▶ **Exercise directions**:
Starting at the first line of the data and ending at the line with "Wait, what? You", copy each line exactly. Include both of those lines, but no pictures.

▶ **Supplied data**:

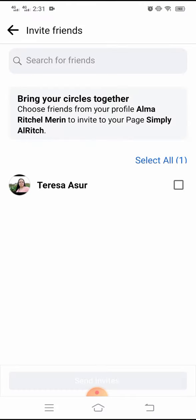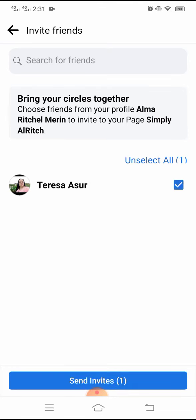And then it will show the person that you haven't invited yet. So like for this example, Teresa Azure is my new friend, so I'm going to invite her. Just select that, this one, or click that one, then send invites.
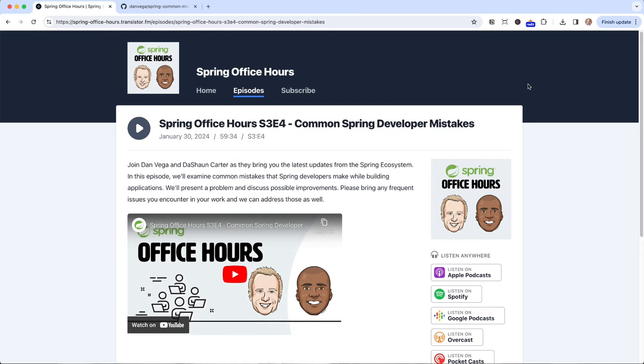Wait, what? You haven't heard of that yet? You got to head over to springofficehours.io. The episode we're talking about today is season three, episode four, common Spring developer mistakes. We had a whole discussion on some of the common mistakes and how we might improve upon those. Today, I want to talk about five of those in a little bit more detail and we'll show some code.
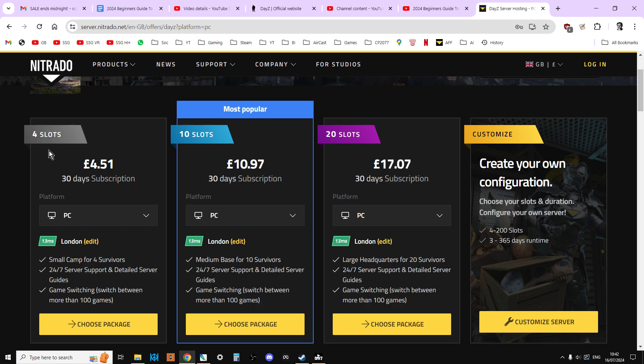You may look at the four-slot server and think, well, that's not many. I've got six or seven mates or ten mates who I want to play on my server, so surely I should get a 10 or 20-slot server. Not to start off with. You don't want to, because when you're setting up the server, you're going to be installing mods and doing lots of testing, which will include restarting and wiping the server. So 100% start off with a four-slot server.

▶ **Solution for this task**:
And then it will show the person that you haven't invited yet. So like for this example, Teresa Azure is my new friend, so I'm going to invite her. Just select that, this one, or click that one, then send invites.
Wait, what? You haven't heard of that yet? You got to head over to springofficehours.io. The episode we're talking about today is season three, episode four, common Spring developer mistakes. We had a whole discussion on some of the common mistakes and how we might improve upon those. Today, I want to talk about five of those in a little bit more detail and we'll show some code.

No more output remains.